Unless you have an enormous market that you and your competitors are struggling to fulfil the orders for, then in an instant sale business setup you will be living one-day-to-the-next. If competition becomes really fierce, cash flow can be severely tested.

On the flip side, a good repeat business setup usually has a customer database that place orders on a regular basis, so cash flow is more predictable than instant sale business setups.

Repeat business setups grow the quickest

If your business focuses on building relationships and offers that gain repeat business then you will likely grow.

In fact, you can possibly predict pretty close to how your business will grow 6 months or even 2 years from now.

Referrals

Having a business that pleases customers over-and-over again will lead to referrals too in the long run.

This means a stream of new repeat customers. And even better for you, a huge saving in pre-sales acquisition costs on promotion and sales costs, so these customers are even more profitable for you in the long run.

How to calculate return on investment for ltv

Let’s say your product xxx costs the customer £100, and they buy 3 times a year. Over ten years that’s £3,000 of takings.

The upfront promotion costs of advertising and pre-sales (staff, business cards, leaflets, events etc) equal to a one-off £50 per customer.

Then you have an account manager with other business costs, and product costs which equal £30 for every time they buy a product.

So total earnings are: £3000

Total costs are: £50 upfront + (£30x10) = £350

The lifetime value is £3000 - £350 = £2650 profit over ten years.

The only way to keep a customer for ten years is to meet their requirement for customer value

What is customer value, and how do you use this to scale-up sales revenue?

Customer value is the basis of marketing strategy.

In a nutshell: to find the needs and wants of the customer so that you can create a product or service of value which they are willing to pay for.

Even if you are an instant business set-up, or sell products that don’t get replaced for a number of years, focus on generating high customer value; the best in your niche.

Once you have sold your product, look at high value add-ons such as other related products or service contracts to create a steady income stream.
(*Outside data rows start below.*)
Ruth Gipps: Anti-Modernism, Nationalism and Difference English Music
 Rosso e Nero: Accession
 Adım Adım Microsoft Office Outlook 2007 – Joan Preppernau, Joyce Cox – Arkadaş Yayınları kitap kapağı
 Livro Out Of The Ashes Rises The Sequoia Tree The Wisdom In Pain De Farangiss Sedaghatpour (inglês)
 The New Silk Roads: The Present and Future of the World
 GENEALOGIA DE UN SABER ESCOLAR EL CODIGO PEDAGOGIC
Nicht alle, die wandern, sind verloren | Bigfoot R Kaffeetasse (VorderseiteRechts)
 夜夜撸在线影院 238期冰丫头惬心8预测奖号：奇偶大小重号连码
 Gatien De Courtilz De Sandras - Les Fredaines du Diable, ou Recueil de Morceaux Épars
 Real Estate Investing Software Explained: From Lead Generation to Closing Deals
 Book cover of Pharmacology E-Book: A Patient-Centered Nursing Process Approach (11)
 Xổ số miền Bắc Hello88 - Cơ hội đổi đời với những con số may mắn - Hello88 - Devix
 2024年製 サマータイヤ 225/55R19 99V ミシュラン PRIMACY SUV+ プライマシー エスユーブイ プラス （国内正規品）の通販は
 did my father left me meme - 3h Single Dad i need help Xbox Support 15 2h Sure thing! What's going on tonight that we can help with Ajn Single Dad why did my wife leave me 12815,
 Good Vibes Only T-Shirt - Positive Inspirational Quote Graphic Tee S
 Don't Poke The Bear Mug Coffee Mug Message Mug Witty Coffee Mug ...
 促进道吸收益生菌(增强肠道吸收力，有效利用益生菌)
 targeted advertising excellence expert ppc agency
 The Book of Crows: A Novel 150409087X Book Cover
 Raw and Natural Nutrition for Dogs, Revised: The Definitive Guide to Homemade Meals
Eg, if you sell cars, why not do a deal with a top MOT service station that can provide annual service, tyre checks, and in-car entertainment: offer these add-ons to your existing customers, even if it’s just referrals.

Over time, your business has to find out what is customer value on a regular basis, even if they have been with you say for 3 or 5 years. The industry you work in can change very quickly so every-so-often the customer’s perception of value can change. If this does happen you want to prove you are up-to-date. If not, then even repeat customers have a look down their vendor list to see how other vendors compare and what they can offer.

Let’s look at two exceptional businesses that operate a large scale with millions of repeat customers.

Heinz Beans for example will not have an account manager. But they’ve spent years on understanding customers’ tastes so that the beans taste great when customers eat them.

Amazon will track what products you view and give you plenty of products similar to your searches so that you can see the whole of the market – and of course Amazon gets to cross sell you too when they email you new products on the market.

How much will the above ideas be worth to your business if you improved the ability to increase the amount of repeat sales you get from customers over the years?

Can you draw up one new product to cross-sell or up-sell that is of great value to your customer base? If yes, then do it this week!